Question

Two buses leave towns 405 miles apart at the same time and travel toward each other. One bus travels 15 faster than the other. If they meet in 3 hours,hwhat is the rate of each bus?

Answer 1

Let x be the distance traveled by one of the buses (let's call it Bus A) and y be the rate of the other bus (let's call it Bus B).

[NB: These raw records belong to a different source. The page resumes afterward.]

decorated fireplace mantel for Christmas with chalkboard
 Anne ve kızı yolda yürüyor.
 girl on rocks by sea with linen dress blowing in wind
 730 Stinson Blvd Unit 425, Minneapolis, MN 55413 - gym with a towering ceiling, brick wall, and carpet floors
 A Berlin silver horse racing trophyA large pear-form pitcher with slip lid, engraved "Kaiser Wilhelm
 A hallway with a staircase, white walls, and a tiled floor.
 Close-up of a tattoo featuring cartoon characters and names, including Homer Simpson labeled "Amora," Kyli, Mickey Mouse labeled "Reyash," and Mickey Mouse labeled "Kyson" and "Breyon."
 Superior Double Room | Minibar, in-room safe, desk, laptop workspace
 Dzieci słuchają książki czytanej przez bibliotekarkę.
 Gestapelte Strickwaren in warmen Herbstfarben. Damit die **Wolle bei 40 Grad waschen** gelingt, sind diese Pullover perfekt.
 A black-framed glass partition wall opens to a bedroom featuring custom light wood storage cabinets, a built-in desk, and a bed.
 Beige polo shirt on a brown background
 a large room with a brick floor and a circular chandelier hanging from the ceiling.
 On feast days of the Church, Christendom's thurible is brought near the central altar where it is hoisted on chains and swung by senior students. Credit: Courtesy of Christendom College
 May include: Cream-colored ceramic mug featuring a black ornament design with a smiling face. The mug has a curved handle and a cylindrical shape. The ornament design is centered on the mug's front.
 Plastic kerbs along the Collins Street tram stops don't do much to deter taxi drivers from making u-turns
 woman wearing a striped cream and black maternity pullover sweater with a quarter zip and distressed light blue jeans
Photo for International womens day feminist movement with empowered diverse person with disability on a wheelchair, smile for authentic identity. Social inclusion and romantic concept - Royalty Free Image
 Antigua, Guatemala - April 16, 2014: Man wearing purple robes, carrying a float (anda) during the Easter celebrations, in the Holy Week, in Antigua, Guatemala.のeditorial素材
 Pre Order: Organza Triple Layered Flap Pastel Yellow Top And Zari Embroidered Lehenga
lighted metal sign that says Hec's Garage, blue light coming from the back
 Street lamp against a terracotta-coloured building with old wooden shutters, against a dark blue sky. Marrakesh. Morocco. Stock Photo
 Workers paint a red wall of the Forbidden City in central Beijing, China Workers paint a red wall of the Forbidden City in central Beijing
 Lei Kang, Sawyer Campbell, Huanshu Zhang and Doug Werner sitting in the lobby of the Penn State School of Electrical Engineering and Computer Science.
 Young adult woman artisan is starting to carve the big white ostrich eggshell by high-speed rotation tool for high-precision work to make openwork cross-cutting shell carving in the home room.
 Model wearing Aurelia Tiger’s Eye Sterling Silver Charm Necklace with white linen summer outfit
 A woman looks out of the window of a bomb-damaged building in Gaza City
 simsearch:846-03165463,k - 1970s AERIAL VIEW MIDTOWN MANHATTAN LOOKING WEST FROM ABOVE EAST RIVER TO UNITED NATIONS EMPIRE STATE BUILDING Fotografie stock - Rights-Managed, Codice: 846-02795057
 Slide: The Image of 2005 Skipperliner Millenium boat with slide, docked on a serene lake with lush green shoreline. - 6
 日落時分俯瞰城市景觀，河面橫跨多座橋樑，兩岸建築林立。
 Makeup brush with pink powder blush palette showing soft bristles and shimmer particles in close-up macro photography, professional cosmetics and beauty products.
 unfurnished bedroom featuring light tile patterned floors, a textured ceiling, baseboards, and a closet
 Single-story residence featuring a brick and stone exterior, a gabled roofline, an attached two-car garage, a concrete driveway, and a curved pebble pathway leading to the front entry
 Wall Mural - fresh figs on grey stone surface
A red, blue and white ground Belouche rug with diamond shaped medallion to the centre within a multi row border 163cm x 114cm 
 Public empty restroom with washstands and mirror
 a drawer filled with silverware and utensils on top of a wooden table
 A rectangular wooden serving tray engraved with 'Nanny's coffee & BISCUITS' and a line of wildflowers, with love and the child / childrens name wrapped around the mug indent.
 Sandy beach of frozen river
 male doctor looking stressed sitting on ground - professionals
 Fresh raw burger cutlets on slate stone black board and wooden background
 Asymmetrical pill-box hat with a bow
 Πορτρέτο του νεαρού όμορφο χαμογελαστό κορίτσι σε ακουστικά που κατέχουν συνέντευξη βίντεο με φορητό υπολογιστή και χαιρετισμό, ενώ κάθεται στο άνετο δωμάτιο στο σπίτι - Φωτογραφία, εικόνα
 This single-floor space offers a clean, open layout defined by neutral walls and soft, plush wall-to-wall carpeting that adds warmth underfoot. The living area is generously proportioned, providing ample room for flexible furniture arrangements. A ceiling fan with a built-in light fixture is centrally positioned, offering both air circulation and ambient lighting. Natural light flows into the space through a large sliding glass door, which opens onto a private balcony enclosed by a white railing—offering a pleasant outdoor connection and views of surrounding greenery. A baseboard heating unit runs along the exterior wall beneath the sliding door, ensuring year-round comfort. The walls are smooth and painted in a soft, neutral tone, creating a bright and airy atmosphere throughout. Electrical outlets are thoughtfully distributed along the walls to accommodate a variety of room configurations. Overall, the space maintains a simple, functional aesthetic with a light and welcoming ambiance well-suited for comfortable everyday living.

Let's remember the relation that exist between the speed (rate), the distance and the time:

`V=(d)/(t)`

We know that it takes 3 hours for Bus A to travel x miles at a speed of y+15 (it is 15 faster than Bus B). This expressed as an equation is:

`y+15=(x)/(3)`

We also know that it takes 3 hours for Bus B to travel 405-x miles at a speed of y:

`y=(405-x)/(3)`

Solve the obtained system of equations by equalization:

`\begin{gathered} y+15=(x)/(3) \\ x=3(y+15) \\ y=(405-x)/(3) \\ x=405-3y \end{gathered}`
`\begin{gathered} x=x \\ 3y+45=405-3y \\ 6y=360 \\ y=(360)/(6) \\ y=60 \end{gathered}`

The rate of Bus B is 60 and the rate of Bus A is 75 (Bus A is 15 faster than Bus B).